By Arlene (Ari) Istar Lev

In some very basic way being a gay, lesbian, bisexual or transgendered parent is really not much different than being a heterosexual parent. You still have to get up for the 4 a.m. feeding, or deal with teenagers who don’t clean their rooms. You still have to deal with finding time for adult interests and intimacy with your partner (or find time to find a partner!), and you still need to wash more laundry and dishes than you’d have ever imagined. In our daily lives queer families are just like all families.

Of course in other ways, we are very different. Queer families are rarely formed in "traditional" ways.
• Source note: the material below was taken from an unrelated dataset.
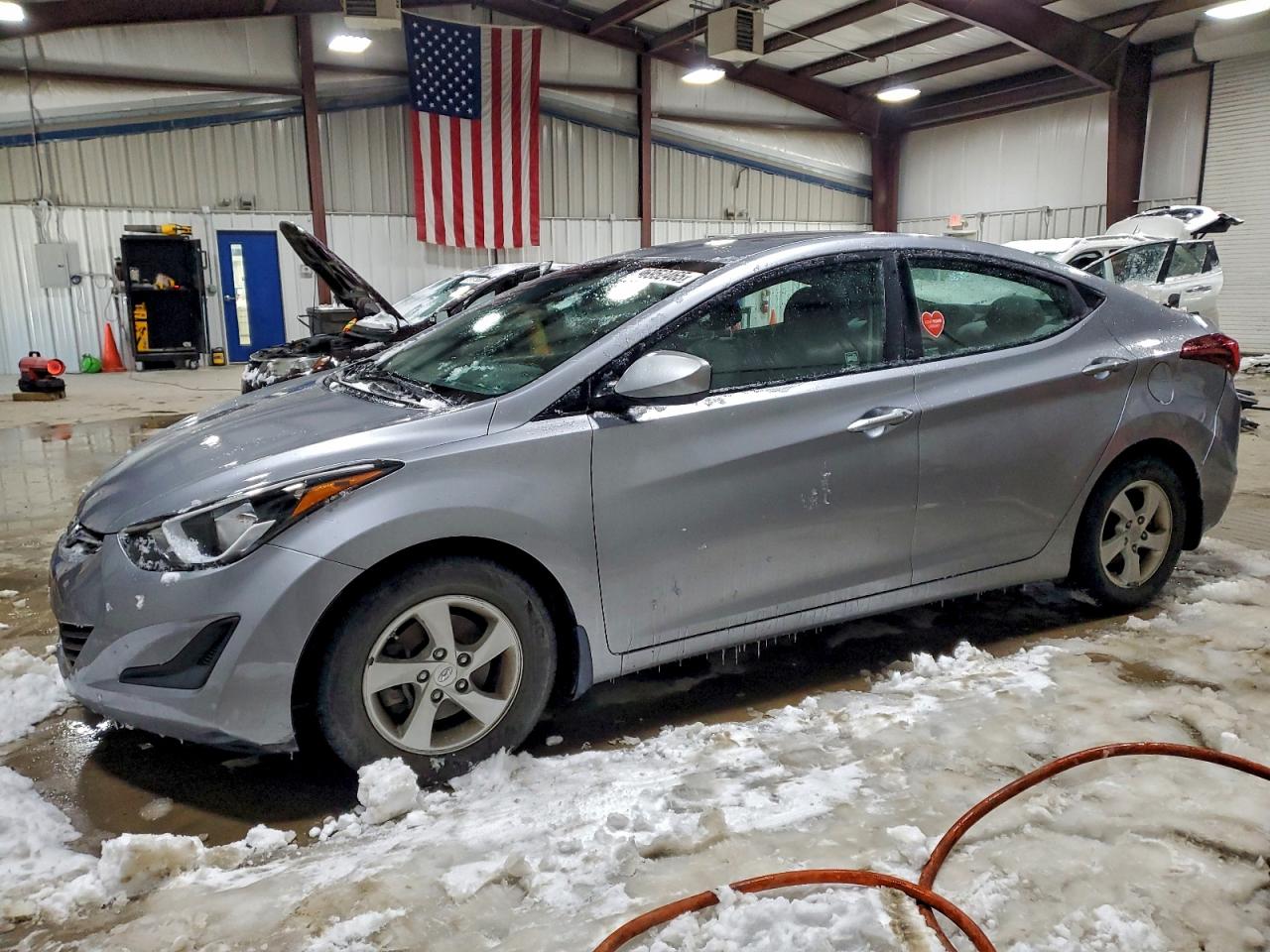2015 HYUNDAI ELANTRA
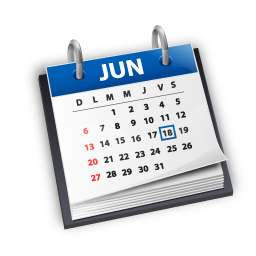 calendar_month icon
Perhaps we were once heterosexually married and ended this marriage to come out and be with a same-sex partner. Same-sex relationships are rarely looked on favorably in the judicial system, and families that began in heterosexual nuclear families must often struggle with custody issues, at the same time they are dealing with divorce and coming out issues.

Perhaps we were out as lesbian or gay men before choosing parenthood, and struggled with feeling okay about raising our children in what has been called a non-traditional home. Single or with partners, we thought about the impact of our gayness on our children, and began a journey to figure how to make our families happen.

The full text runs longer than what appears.